▶ Supplied material:
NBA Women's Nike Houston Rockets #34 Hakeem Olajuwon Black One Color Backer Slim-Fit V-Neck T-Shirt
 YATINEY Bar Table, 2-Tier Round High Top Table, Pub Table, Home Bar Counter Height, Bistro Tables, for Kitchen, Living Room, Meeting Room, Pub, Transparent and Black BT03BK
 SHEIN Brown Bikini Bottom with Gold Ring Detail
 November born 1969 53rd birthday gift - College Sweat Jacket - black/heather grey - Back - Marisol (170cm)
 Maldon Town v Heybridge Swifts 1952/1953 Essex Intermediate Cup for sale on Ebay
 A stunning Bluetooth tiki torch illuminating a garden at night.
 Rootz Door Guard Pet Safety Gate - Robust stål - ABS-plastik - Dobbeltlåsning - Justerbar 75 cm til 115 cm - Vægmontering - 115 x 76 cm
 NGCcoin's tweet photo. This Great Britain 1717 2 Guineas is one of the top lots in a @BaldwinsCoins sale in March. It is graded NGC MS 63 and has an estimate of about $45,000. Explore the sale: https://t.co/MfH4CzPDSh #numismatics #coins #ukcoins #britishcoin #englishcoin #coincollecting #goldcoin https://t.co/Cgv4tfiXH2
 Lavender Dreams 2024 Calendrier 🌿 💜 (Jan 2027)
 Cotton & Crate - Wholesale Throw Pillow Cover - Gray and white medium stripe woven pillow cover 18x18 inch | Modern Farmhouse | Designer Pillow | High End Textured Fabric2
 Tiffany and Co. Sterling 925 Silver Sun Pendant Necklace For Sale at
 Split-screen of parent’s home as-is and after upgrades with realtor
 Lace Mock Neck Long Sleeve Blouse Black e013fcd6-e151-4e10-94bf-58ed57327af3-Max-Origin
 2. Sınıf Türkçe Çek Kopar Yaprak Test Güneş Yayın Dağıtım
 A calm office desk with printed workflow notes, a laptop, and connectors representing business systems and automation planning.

▶ What to produce:
For the records above, restate every line word for word.

▶ Exercise output:
NBA Women's Nike Houston Rockets #34 Hakeem Olajuwon Black One Color Backer Slim-Fit V-Neck T-Shirt
 YATINEY Bar Table, 2-Tier Round High Top Table, Pub Table, Home Bar Counter Height, Bistro Tables, for Kitchen, Living Room, Meeting Room, Pub, Transparent and Black BT03BK
 SHEIN Brown Bikini Bottom with Gold Ring Detail
 November born 1969 53rd birthday gift - College Sweat Jacket - black/heather grey - Back - Marisol (170cm)
 Maldon Town v Heybridge Swifts 1952/1953 Essex Intermediate Cup for sale on Ebay
 A stunning Bluetooth tiki torch illuminating a garden at night.
 Rootz Door Guard Pet Safety Gate - Robust stål - ABS-plastik - Dobbeltlåsning - Justerbar 75 cm til 115 cm - Vægmontering - 115 x 76 cm
 NGCcoin's tweet photo. This Great Britain 1717 2 Guineas is one of the top lots in a @BaldwinsCoins sale in March. It is graded NGC MS 63 and has an estimate of about $45,000. Explore the sale: https://t.co/MfH4CzPDSh #numismatics #coins #ukcoins #britishcoin #englishcoin #coincollecting #goldcoin https://t.co/Cgv4tfiXH2
 Lavender Dreams 2024 Calendrier 🌿 💜 (Jan 2027)
 Cotton & Crate - Wholesale Throw Pillow Cover - Gray and white medium stripe woven pillow cover 18x18 inch | Modern Farmhouse | Designer Pillow | High End Textured Fabric2
 Tiffany and Co. Sterling 925 Silver Sun Pendant Necklace For Sale at
 Split-screen of parent’s home as-is and after upgrades with realtor
 Lace Mock Neck Long Sleeve Blouse Black e013fcd6-e151-4e10-94bf-58ed57327af3-Max-Origin
 2. Sınıf Türkçe Çek Kopar Yaprak Test Güneş Yayın Dağıtım
 A calm office desk with printed workflow notes, a laptop, and connectors representing business systems and automation planning.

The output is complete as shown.